_Work instructions_
Would you print all of the records below exactly, without skipping any?

_Data for review_
• • • • • • •
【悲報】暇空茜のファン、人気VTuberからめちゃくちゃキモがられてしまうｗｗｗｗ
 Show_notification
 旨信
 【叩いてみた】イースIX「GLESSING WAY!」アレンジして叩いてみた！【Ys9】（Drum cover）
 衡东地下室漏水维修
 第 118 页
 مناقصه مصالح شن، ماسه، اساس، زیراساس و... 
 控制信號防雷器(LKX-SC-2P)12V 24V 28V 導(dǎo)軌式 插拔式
• • • • • • •
_Task answer_
【悲報】暇空茜のファン、人気VTuberからめちゃくちゃキモがられてしまうｗｗｗｗ
 Show_notification
 旨信
 【叩いてみた】イースIX「GLESSING WAY!」アレンジして叩いてみた！【Ys9】（Drum cover）
 衡东地下室漏水维修
 第 118 页
 مناقصه مصالح شن، ماسه، اساس، زیراساس و... 
 控制信號防雷器(LKX-SC-2P)12V 24V 28V 導(dǎo)軌式 插拔式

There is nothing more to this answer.